After waiting since May 25th for Angel Pagan‘s inflamed hamstring to heal after his epic dash around the bases to beat Colorado in extra innings at AT&T Park, the Giants finally relented and placed him on the DL, retroactively, ensuring he can rejoin the team on Wednesday against Pittsburgh if he is ready.
You may have heard about Perez’s adventurous path to the Majors by now. The 26-year-old Dominican native moved to the Bronx in 2001, starred at high school in New York, but decided to work for his father’s plumbing company when he wasn’t drafted. He played baseball on the side for La Caribe Baseball League in the Bronx, an amateur league where most of the players are Dominican, fans literally buy beer at a corner store, and drinks usually end up in the dugout at some point or another.
Perez’s father encouraged him to focus more on baseball. He went to Western Oklahoma State College, where he proceeded to set NJCAA Division II records for home runs (37) and RBIs, earning player of the year honors to go along with his .437 average, .530 OBP and 62 extra-base hits in 64 games. Amazingly, Perez did all that on a bum ACL that required surgery after the season.
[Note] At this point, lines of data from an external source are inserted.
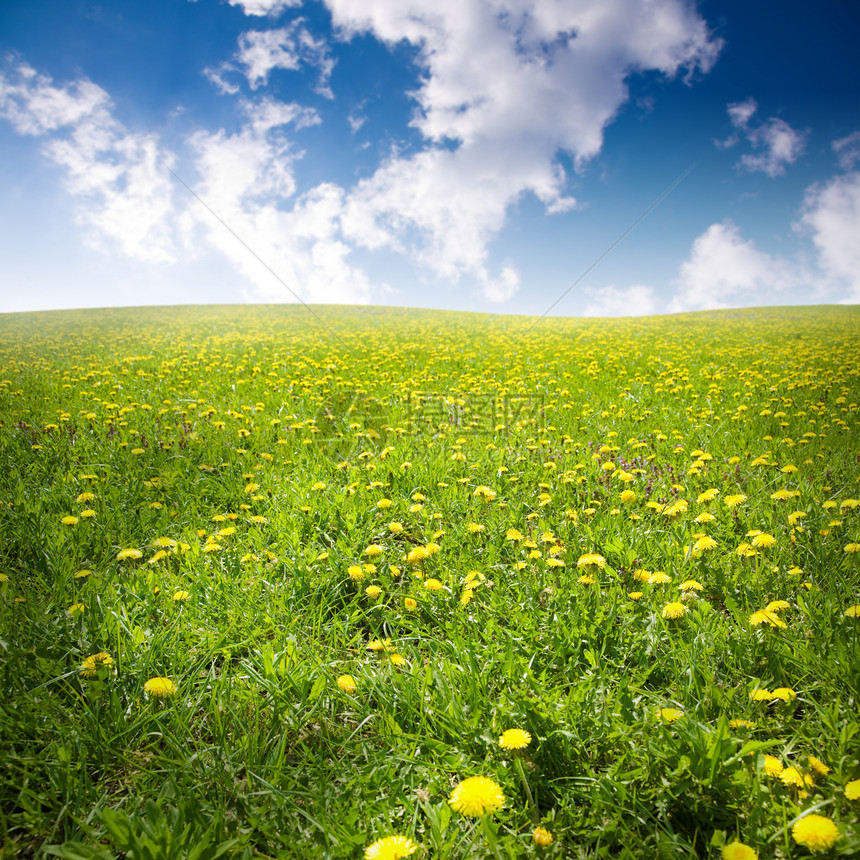 夏季夏天场地环境天空生活黄色太阳植物草地地平线生态图片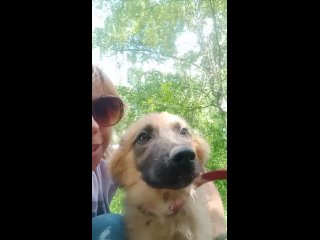 free у нас две новенькие щенявые очаровательные малышки манго рыженькая и дафна ласковые весёлые и озорные hd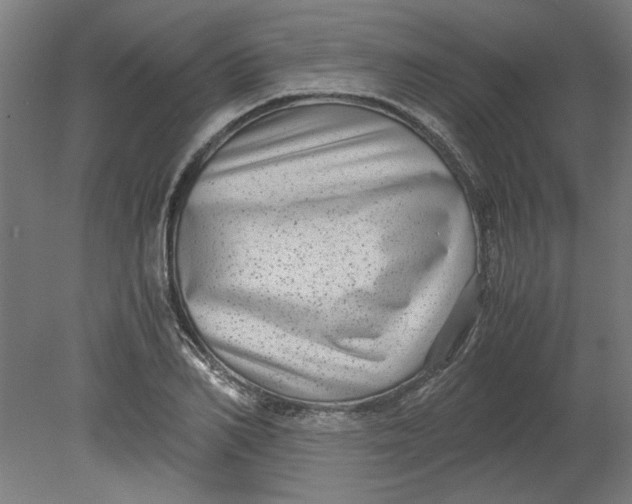 X0000080710982200701021024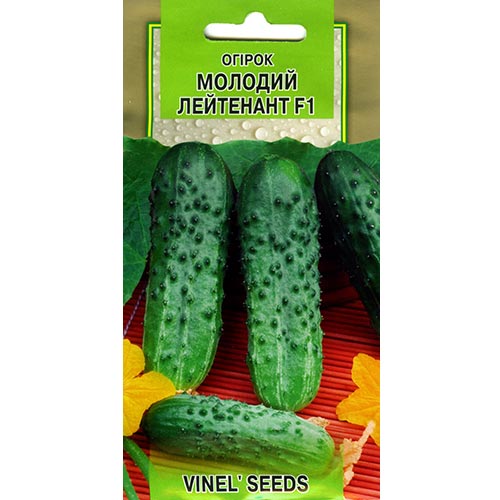 Огірок Молодший лейтенант F1 Vinel seeds зображення 1 артикул 95668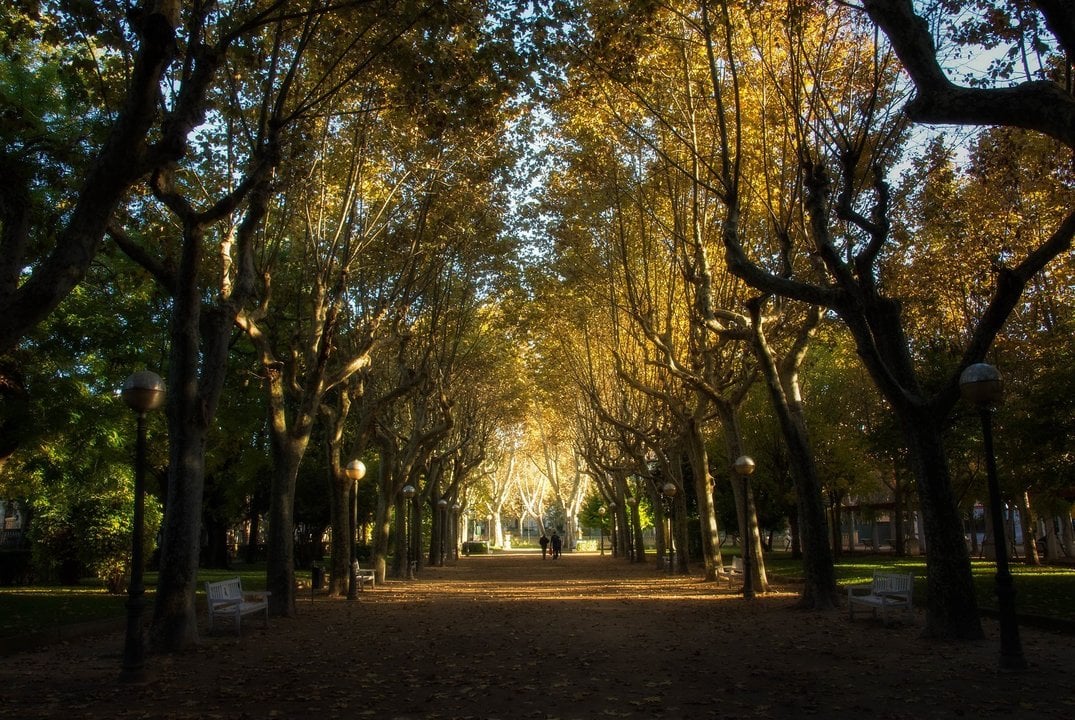 Parque en Oviedo en otoño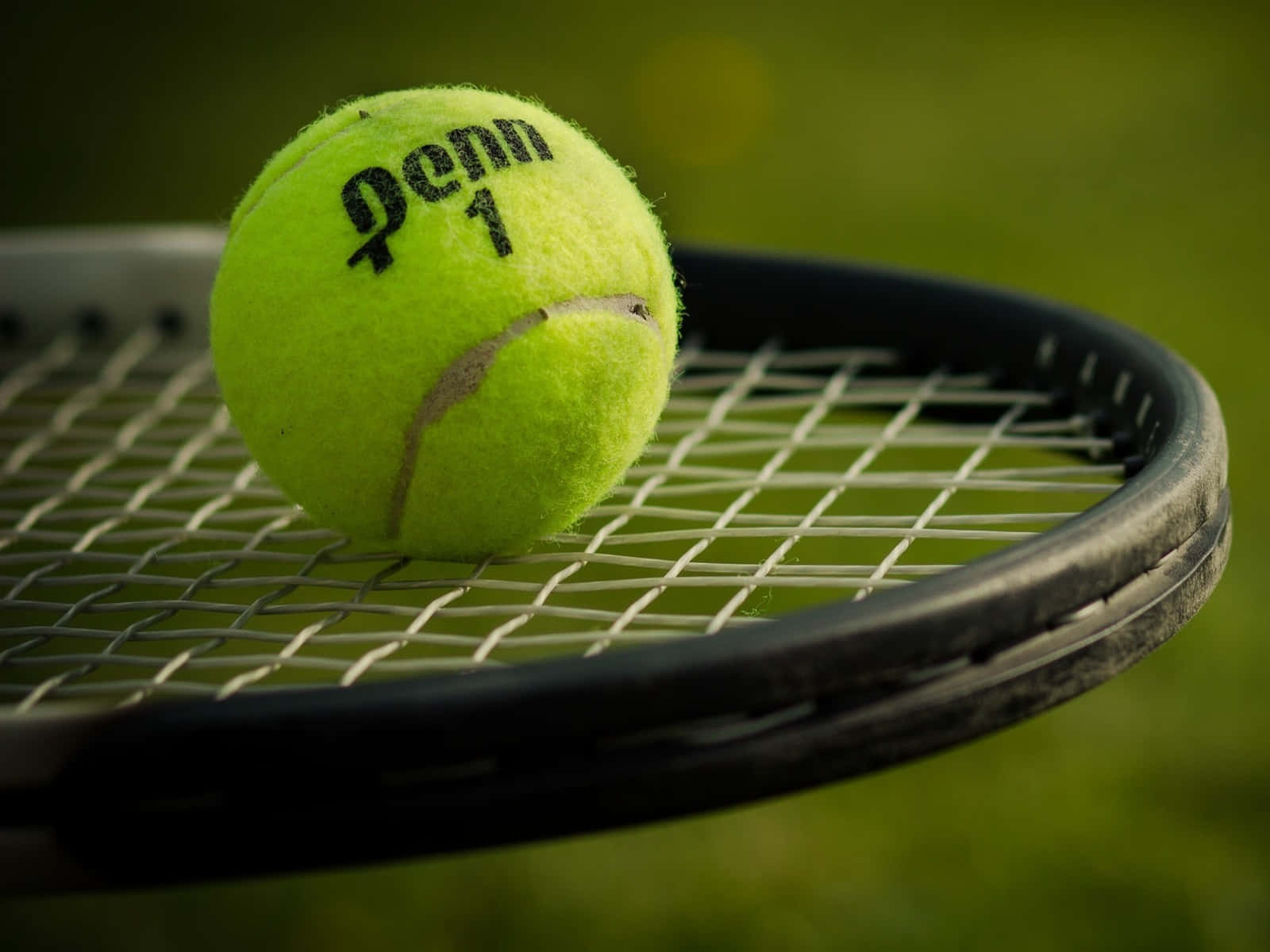 A Tennis Ball Set And Ready For A Perfect Drop Shot Background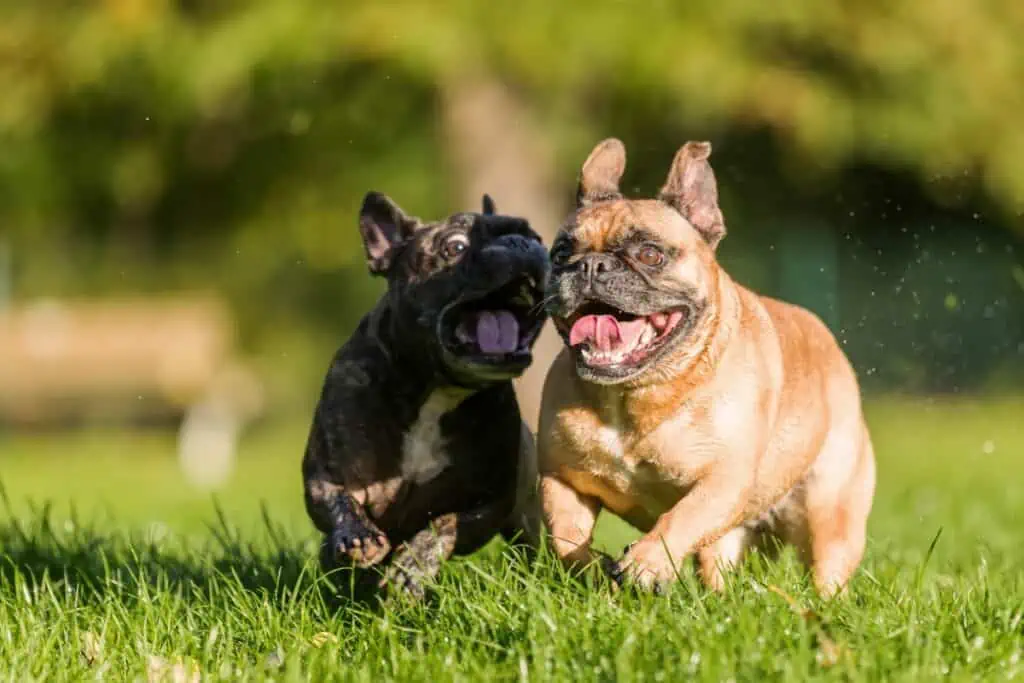 ab wann werden französische bulldoggen ruhiger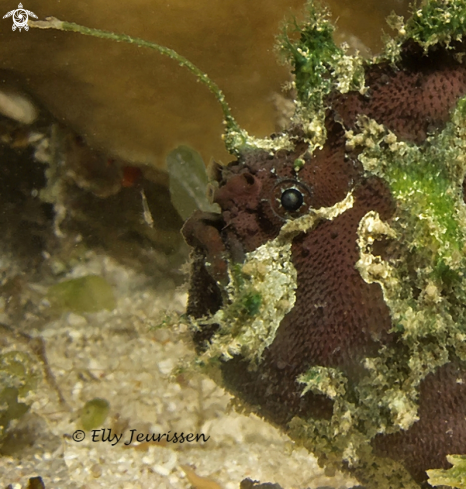 A Frogfish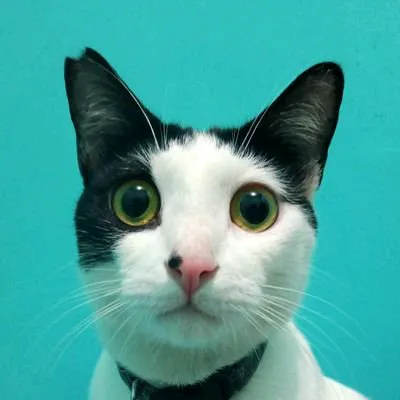 nyawsikucing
These video game numbers caught the attention of Dick Tidrow, San Francisco Giants vice president of player personnel, so the Giants took Perez in the 13th round of the 2008 draft. He struggled a bit in his first season of professional ball at Low-A Augusta, hitting only .244, but he shined in Single-A, hitting .298/.337/.472 with 13 home runs, 37 doubles, and 10 triples. After a promotion to Double-A Richmond, Perez hit .302 with 11 home runs, 26 doubles, and 18 stolen bases in his second year there. So far in Triple-A Fresno, Perez was hitting .296/.331/.507 before his call up. He had 12 stolen bases and had only been caught twice while cranking 9 home runs in 57 games.
“For his size, he’s probably the strongest player pound-for-pound in the system,” minor league hitting coordinator Steve Decker said. “He’s a strong kid and strong people tend to search for power, but I don’t think he understands how fast he is and how productive he can be if he focuses on line drives and walks. He can wreak havoc that way.” (Link)
Giants beat writer Andrew Baggarly reported that more than one scout informed him that Perez is actually a better defensive outfielder than top prospect Gary Brown. Perez has played all three outfield positions in the minors and can play shortstop and second base, but he’s most comfortable at third base, the position at which he was drafted. His versatility, speed, and potential at the plate could earn him more regular playing time in center field or left field. Perez can provide some pop off the bench, speed on the base paths, and flexibility for late-inning substitutions. He is an ideal utility player if he can show that he can be productive enough to warrant a spot on the big league roster.
It may be a pipe dream to hope Perez could stick as an everyday player in the Majors this year, but Perez is pretty handy with pipes from his plumbing days in the Bronx.